Task brief: Using the listing below, set down each line from the line containing "Bloemige blouse met" through the line containing "three people sitting", both ends included, exactly and with nothing added.

>>>>

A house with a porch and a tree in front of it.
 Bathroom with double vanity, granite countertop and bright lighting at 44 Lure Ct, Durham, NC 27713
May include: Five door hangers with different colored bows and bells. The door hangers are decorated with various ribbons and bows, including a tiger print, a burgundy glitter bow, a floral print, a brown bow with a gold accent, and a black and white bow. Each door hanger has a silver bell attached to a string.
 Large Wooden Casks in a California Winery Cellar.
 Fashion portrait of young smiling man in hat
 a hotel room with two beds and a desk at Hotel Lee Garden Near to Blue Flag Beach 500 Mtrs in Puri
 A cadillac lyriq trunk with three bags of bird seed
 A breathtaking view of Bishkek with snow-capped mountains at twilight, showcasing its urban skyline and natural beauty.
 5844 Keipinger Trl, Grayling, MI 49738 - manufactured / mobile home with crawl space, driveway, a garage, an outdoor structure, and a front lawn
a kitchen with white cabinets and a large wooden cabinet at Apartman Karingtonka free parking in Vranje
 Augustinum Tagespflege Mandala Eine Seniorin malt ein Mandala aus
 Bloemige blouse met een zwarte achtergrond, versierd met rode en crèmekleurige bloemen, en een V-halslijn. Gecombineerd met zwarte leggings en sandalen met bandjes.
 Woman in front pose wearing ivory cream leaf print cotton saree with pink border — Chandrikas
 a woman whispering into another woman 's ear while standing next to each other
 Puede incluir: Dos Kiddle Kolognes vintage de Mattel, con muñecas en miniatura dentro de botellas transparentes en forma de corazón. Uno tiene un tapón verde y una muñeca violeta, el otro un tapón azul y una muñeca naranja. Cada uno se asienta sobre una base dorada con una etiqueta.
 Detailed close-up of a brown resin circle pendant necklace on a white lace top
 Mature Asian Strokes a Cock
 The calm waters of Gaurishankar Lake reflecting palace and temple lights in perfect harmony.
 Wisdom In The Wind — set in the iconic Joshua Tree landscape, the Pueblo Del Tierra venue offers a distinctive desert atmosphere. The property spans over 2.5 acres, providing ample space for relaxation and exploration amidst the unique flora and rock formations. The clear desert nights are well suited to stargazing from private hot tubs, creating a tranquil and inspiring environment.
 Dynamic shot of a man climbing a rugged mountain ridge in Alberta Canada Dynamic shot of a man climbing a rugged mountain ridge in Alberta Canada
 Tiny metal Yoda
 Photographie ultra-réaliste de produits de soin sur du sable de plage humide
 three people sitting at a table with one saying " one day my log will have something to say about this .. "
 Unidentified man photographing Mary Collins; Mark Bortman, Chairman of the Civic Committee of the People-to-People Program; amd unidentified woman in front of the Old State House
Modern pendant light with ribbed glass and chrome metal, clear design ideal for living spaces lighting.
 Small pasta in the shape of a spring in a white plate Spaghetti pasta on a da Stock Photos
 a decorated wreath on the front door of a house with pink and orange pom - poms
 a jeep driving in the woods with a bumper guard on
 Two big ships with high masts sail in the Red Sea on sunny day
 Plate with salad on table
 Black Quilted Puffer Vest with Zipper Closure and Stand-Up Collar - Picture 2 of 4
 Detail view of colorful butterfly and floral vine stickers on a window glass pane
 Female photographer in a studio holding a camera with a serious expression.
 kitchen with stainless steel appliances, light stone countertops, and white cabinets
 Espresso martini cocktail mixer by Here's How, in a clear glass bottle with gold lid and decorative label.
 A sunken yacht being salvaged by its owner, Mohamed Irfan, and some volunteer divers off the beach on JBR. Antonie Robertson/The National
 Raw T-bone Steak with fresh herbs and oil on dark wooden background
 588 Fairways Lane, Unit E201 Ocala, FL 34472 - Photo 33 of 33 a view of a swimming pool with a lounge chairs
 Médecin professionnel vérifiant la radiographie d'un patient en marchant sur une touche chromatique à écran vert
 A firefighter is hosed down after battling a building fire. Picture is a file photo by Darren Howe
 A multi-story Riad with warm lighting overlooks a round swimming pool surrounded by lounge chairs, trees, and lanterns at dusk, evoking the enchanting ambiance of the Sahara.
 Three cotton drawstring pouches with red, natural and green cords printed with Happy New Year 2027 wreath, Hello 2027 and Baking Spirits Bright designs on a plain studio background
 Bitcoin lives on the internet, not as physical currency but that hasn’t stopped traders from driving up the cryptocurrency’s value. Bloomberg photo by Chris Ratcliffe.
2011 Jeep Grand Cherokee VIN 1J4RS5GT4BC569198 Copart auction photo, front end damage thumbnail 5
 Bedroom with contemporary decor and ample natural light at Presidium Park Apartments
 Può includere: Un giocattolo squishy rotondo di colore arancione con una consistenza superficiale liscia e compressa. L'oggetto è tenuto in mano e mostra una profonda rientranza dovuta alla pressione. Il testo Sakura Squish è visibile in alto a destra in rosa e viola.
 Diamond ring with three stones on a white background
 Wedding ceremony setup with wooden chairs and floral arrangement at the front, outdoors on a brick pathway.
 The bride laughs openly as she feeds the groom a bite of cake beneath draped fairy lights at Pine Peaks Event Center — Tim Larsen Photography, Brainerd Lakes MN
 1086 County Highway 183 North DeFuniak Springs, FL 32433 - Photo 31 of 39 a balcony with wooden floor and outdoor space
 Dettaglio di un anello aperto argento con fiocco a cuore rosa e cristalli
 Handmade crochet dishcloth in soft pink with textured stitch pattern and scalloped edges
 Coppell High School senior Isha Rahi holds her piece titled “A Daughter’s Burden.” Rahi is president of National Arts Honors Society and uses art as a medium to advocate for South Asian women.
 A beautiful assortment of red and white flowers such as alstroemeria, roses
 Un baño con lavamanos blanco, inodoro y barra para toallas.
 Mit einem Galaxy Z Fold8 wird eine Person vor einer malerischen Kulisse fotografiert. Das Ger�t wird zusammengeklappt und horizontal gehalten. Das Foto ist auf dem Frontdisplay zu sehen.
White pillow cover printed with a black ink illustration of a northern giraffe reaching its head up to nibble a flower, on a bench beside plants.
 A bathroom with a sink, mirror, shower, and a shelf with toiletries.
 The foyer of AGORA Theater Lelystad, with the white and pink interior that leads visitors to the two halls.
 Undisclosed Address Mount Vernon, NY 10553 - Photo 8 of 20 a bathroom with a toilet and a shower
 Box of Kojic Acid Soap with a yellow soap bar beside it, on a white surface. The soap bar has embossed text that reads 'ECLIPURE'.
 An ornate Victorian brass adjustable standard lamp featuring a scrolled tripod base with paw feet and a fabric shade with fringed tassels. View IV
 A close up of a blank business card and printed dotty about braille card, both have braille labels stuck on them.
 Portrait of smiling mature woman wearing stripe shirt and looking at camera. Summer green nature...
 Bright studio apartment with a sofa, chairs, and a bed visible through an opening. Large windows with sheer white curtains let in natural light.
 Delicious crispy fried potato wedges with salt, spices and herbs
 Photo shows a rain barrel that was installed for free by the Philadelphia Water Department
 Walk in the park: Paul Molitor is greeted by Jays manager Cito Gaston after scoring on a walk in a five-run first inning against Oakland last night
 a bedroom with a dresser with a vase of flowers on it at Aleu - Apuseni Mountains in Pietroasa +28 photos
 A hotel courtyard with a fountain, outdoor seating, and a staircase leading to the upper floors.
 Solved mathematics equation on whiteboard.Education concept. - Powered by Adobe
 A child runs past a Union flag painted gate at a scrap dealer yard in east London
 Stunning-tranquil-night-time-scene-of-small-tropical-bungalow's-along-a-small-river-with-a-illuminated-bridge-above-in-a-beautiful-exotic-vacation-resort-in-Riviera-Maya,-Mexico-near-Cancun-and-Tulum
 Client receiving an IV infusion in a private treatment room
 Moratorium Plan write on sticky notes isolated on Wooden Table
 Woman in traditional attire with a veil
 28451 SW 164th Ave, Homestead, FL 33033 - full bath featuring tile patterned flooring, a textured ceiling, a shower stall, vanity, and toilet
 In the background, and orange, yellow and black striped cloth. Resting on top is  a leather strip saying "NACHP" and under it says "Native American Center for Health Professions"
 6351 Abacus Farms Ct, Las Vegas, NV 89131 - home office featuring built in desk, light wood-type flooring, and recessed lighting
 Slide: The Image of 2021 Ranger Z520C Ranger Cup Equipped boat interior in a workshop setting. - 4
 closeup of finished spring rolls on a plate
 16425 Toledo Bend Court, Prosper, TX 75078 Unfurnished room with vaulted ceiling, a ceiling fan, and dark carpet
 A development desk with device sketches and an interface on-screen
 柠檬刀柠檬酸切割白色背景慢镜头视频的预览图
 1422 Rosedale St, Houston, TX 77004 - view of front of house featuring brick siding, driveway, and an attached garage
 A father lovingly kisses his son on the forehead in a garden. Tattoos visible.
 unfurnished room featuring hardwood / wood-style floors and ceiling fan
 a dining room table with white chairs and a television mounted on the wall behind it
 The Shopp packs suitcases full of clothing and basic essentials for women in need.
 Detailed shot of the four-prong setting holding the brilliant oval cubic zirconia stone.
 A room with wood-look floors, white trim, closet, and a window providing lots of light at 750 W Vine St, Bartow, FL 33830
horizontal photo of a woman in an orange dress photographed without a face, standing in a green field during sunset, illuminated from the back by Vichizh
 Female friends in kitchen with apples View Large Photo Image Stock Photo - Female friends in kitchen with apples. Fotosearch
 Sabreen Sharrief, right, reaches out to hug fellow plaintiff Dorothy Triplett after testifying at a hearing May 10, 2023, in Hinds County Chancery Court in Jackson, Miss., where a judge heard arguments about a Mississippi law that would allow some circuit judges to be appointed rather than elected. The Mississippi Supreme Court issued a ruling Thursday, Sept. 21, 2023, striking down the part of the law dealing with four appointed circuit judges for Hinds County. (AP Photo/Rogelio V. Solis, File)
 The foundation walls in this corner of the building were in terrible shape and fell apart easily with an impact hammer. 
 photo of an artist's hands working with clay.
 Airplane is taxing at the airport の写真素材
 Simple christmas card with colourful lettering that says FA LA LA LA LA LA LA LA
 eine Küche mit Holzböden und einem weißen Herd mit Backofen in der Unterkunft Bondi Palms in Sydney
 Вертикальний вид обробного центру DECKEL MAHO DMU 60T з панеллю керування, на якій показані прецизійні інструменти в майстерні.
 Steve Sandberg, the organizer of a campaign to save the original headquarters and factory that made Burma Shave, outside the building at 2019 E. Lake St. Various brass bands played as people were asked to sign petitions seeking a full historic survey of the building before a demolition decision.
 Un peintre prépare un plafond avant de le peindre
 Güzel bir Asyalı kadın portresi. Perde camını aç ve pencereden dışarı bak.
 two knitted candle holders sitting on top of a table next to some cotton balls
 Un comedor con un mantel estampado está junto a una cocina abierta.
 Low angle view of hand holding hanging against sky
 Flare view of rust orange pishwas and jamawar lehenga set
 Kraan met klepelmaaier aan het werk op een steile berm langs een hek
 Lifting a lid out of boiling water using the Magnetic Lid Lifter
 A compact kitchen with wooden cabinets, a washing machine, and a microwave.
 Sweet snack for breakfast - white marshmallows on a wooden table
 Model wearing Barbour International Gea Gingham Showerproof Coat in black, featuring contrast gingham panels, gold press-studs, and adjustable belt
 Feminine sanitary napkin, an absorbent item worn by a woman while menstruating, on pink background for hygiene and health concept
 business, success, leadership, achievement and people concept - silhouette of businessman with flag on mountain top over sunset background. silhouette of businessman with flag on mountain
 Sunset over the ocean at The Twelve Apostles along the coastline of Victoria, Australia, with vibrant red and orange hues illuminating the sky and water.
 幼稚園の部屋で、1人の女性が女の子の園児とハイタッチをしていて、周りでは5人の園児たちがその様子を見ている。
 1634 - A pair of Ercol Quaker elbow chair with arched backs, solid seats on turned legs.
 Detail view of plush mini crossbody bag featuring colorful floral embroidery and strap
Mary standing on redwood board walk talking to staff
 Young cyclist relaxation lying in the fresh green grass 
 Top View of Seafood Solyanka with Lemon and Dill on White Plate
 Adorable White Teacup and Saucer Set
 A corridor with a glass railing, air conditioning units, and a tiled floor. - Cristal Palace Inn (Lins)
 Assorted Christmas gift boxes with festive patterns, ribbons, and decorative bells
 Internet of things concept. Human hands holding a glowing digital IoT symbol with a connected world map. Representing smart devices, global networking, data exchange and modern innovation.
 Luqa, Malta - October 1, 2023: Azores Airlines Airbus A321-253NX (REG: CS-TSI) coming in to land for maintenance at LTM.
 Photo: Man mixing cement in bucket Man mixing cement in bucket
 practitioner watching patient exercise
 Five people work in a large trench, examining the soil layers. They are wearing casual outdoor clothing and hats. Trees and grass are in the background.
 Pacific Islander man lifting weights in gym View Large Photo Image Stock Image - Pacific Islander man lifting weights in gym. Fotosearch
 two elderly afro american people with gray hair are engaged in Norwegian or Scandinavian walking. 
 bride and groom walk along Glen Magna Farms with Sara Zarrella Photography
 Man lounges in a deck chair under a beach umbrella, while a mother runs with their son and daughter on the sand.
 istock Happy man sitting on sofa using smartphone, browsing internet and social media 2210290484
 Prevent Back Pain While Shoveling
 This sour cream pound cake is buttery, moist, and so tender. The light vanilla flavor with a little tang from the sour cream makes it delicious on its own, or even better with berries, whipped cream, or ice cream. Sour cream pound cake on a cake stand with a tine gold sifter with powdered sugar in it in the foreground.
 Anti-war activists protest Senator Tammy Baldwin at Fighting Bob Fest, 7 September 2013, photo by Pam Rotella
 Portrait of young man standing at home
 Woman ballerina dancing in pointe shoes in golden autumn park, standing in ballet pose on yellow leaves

<<<<

Output:
 Bloemige blouse met een zwarte achtergrond, versierd met rode en crèmekleurige bloemen, en een V-halslijn. Gecombineerd met zwarte leggings en sandalen met bandjes.
 Woman in front pose wearing ivory cream leaf print cotton saree with pink border — Chandrikas
 a woman whispering into another woman 's ear while standing next to each other
 Puede incluir: Dos Kiddle Kolognes vintage de Mattel, con muñecas en miniatura dentro de botellas transparentes en forma de corazón. Uno tiene un tapón verde y una muñeca violeta, el otro un tapón azul y una muñeca naranja. Cada uno se asienta sobre una base dorada con una etiqueta.
 Detailed close-up of a brown resin circle pendant necklace on a white lace top
 Mature Asian Strokes a Cock
 The calm waters of Gaurishankar Lake reflecting palace and temple lights in perfect harmony.
 Wisdom In The Wind — set in the iconic Joshua Tree landscape, the Pueblo Del Tierra venue offers a distinctive desert atmosphere. The property spans over 2.5 acres, providing ample space for relaxation and exploration amidst the unique flora and rock formations. The clear desert nights are well suited to stargazing from private hot tubs, creating a tranquil and inspiring environment.
 Dynamic shot of a man climbing a rugged mountain ridge in Alberta Canada Dynamic shot of a man climbing a rugged mountain ridge in Alberta Canada
 Tiny metal Yoda
 Photographie ultra-réaliste de produits de soin sur du sable de plage humide
 three people sitting at a table with one saying " one day my log will have something to say about this .. "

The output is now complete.